Mercoledì 4 dicembre 2024. Il Signore parla attraverso i suoi discepoli
di Michele Brambilla
Papa Francesco introduce l’udienza del 4 dicembre mettendo al centro «l’opera evangelizzatrice dello Spirito Santo». Dio parla attraverso la Chiesa in tutte le sue articolazioni. Infatti «la Prima Lettera di Pietro definisce gli apostoli “coloro che hanno annunciato il Vangelo mediante lo Spirito Santo” (cfr 1,12). In questa espressione troviamo i due elementi costitutivi della predicazione cristiana: il suo contenuto, che è il Vangelo, e il suo mezzo, che è lo Spirito Santo» presente nei discepoli.
«Nel Nuovo Testamento, la parola “Vangelo” ha due significati principali.
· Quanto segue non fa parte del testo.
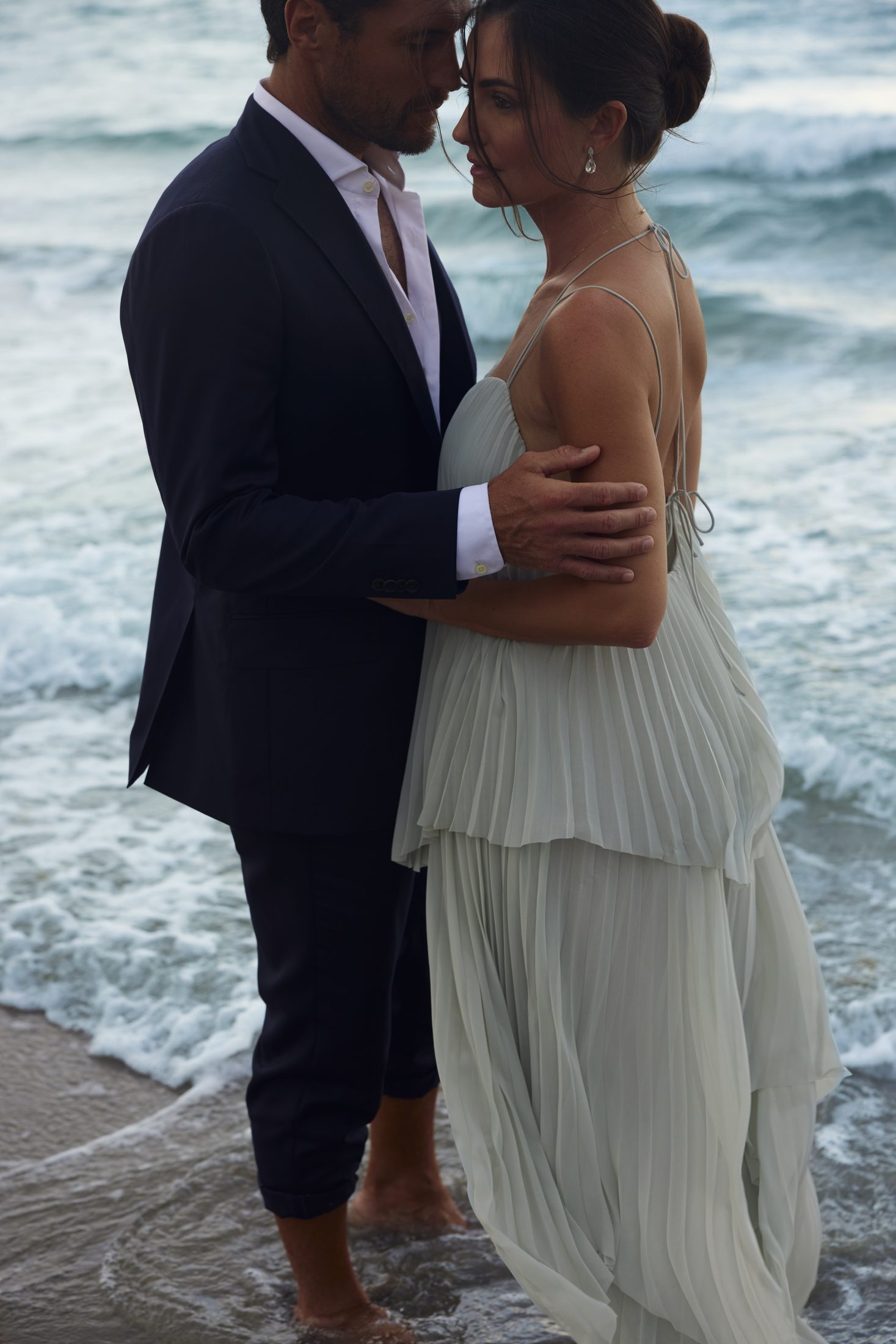 Waldorf Astoria Residences Pompano Beach — hair & makeup by Masters Artistry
Può indicare ognuno dei quattro Vangeli canonici: Matteo, Marco, Luca e Giovanni, e in questa accezione per Vangelo si intende la buona notizia proclamata da Gesù durante la sua vita terrena», spiega il Papa. «Dopo la Pasqua, la parola “Vangelo” assume il nuovo significato di buona notizia su Gesù, cioè il mistero pasquale della morte e risurrezione del Signore», che è il cuore della predicazione cristiana, tradizionalmente definito kerygma. «Questo è ciò che l’Apostolo chiama “Vangelo”, quando scrive: “Io non mi vergogno del Vangelo, perché è potenza di Dio per la salvezza di chiunque crede” (Rm 1,16)»: tutto il resto della dottrina è conseguenza del kerygma. «Per questo nell’Esortazione apostolica Evangelii gaudium si insiste tanto sulla prima delle due cose, cioè sul kerygma, o “proclamazione”, da cui dipende ogni applicazione morale», dice il Papa sul suo stesso magistero.
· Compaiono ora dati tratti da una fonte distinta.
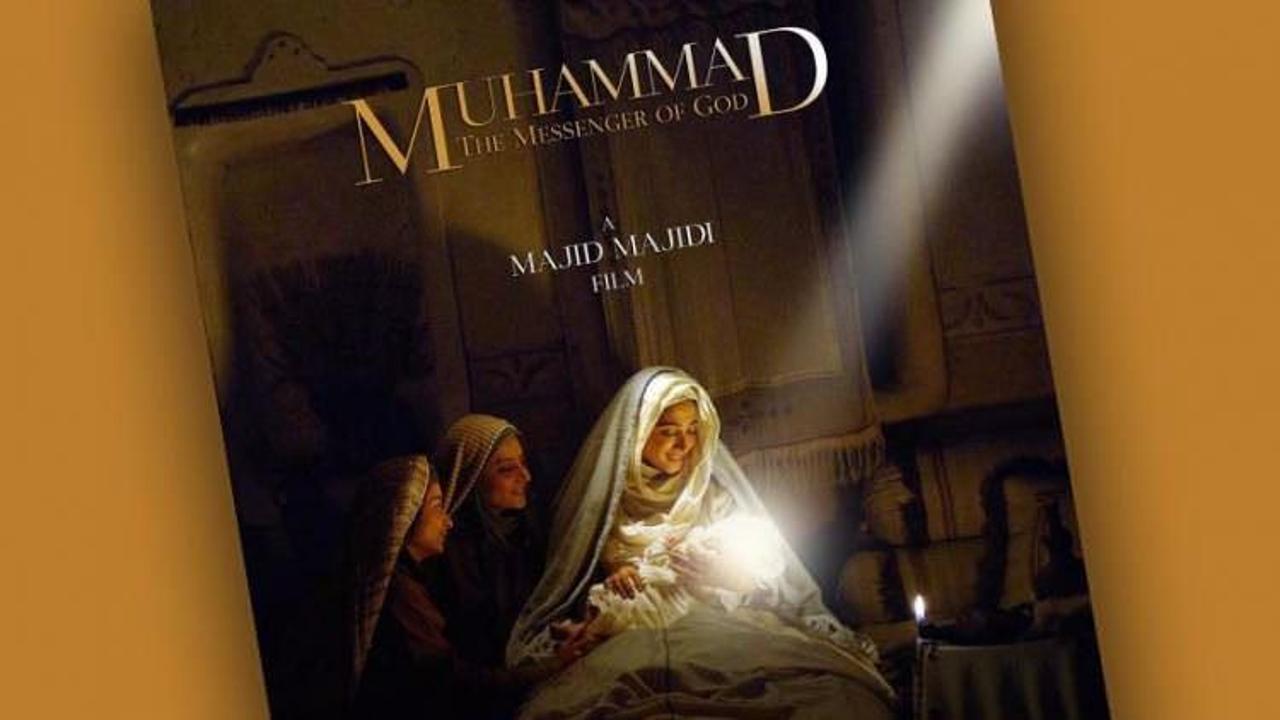 Hz. Muhammed: Allah'ın Elçisi filminin fragmanı 'İZLE'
«Fin qui abbiamo visto il contenuto della predicazione cristiana. Dobbiamo però tener presente anche il mezzo dell’annuncio. Il Vangelo dev’essere predicato “mediante lo Spirito Santo” (1 Pt 1,12). La Chiesa deve fare proprio ciò che Gesù disse all’inizio del suo ministero pubblico: “Lo Spirito del Signore è sopra di me; per questo mi ha consacrato con l’unzione e mi ha mandato a portare ai poveri il lieto annuncio” (Lc 4,18). Predicare con l’unzione dello Spirito Santo significa trasmettere, insieme con le idee e la dottrina, la vita e la convinzione della nostra fede», sottolinea il Santo Padre. Significa testimoniare il Signore con tutto se stessi, lasciando agire, senza molte altre mediazioni, la Grazia.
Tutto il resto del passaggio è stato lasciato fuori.